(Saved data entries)
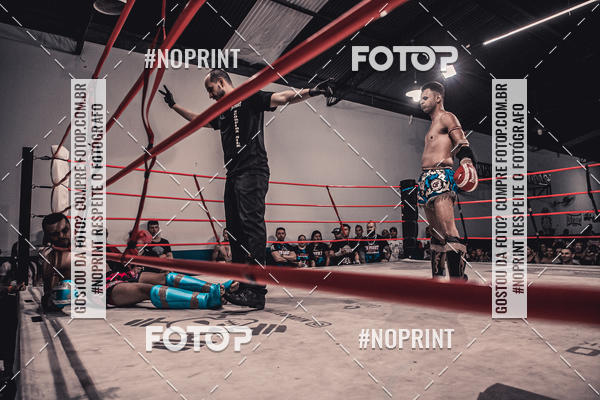 Compra tus fotos del eventoINFIGHT En Fotop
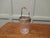 French Art Nouveau Personal Champaign Ice Bucket, 1890 For Sale - Image 4 of 8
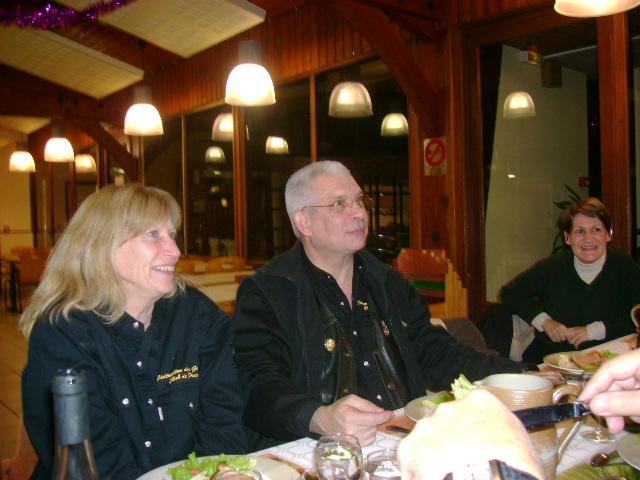 AG Romorantin 2007 031.jpg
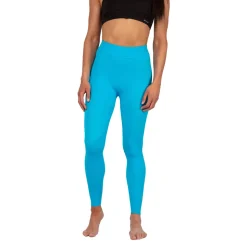 Skins DNAmic Soft per donna 7/8 Leggings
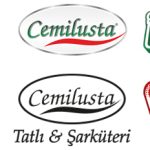 Cemilusta Bursa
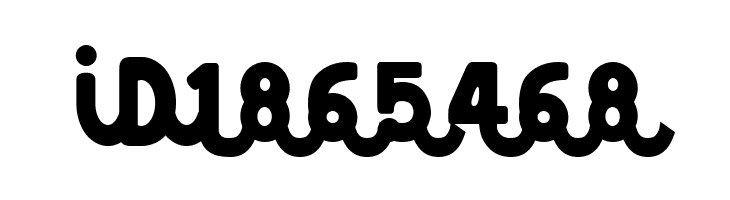 Albertine Bold  Free Fonts Download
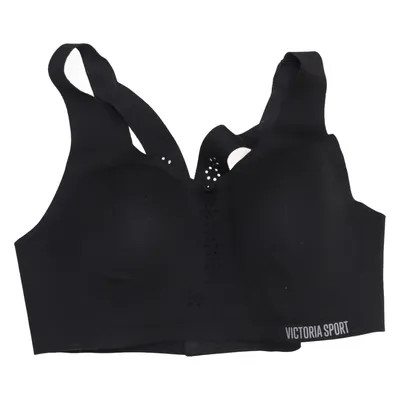 Sports bra (Angel Max/angel maxi) from Victoria Sport Elastane, Polyamide, Polyester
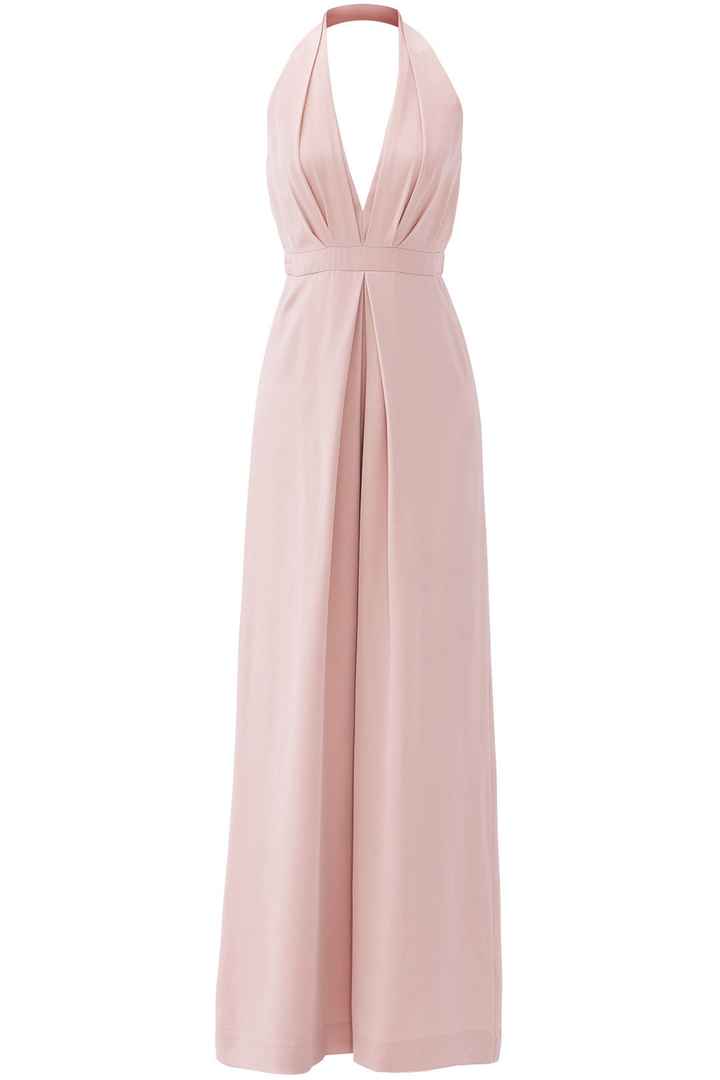 2018 Bridesmaid Trend- Jumpsuits??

## EXERCISE INSTRUCTIONS
Every picture stays out; reproduce exactly the lines from the one with "French Art Nouveau" through the last line of the data above.

## YOUR RESPONSE
 French Art Nouveau Personal Champaign Ice Bucket, 1890 For Sale - Image 4 of 8
 AG Romorantin 2007 031.jpg
 Skins DNAmic Soft per donna 7/8 Leggings
 Cemilusta Bursa
 Albertine Bold  Free Fonts Download
 Sports bra (Angel Max/angel maxi) from Victoria Sport Elastane, Polyamide, Polyester
 2018 Bridesmaid Trend- Jumpsuits??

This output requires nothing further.